Sistem yang diperkenalkan FAO ini juga menghemat biaya tanam dan menambah hasil produksi. Sucipto mengatakan, sebelum menggunakan PHT, pada 2011-2012 hasil produksi maksimal per hektare 6-6,5 ton.

Sedangkan sejak menggunakan PHT pada Oktober 2014, hasil produksi mencapai 7,43 ton per hektare. Jumlah hasil produksi terus meningkat pada musim tanam selanjutnya, yakni 7,67 ton dan 7,83 ton per hektare.
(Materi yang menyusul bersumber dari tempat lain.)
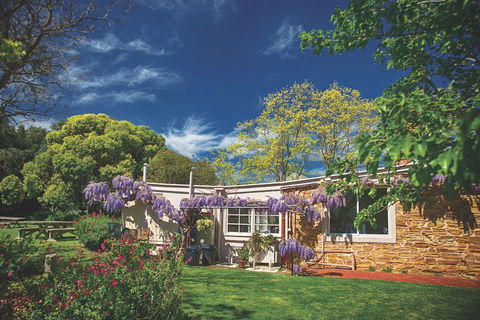 McLaren Vale Winery Small Group Tour With Wine Tasting And Lunch - Accommodation Yamba 2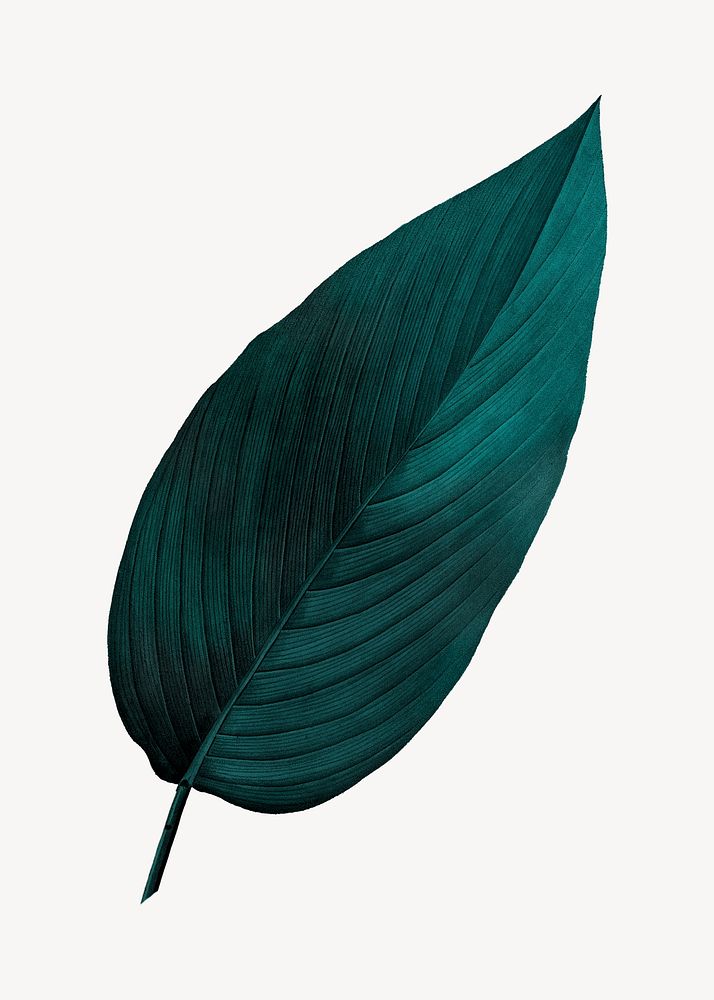 Vintage dark green leaf illustration psd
Menurut Sucipto, bukan hanya kuantitas beras Desa Pliken yang bertambah, kualitasnya juga ikut meningkat. "Karena penggunaan pupuk dan pestisida kimia berkurang drastis," kata dia.

Penurunan penggunaan pestisida dan peningkatan bio diversity memang menjadi tujuan program PHT. Ketua Tim Ahli FAO, Y. Andi Trisyono, mengatakan refugia meningkatkan kebugaran pemangsa hama padi. Laba-laba bisa menghabiskan 20-30 wereng cokelat per hari dalam satu rumpun padi.

Selain predator pemangsa hama, refugia menjadi rumah untuk parasitoid, yakni serangga yang hidup menumpang pada serangga lain. Dengan refugia, parasitoid bisa membunuh 20-30 persen telur wereng cokelat.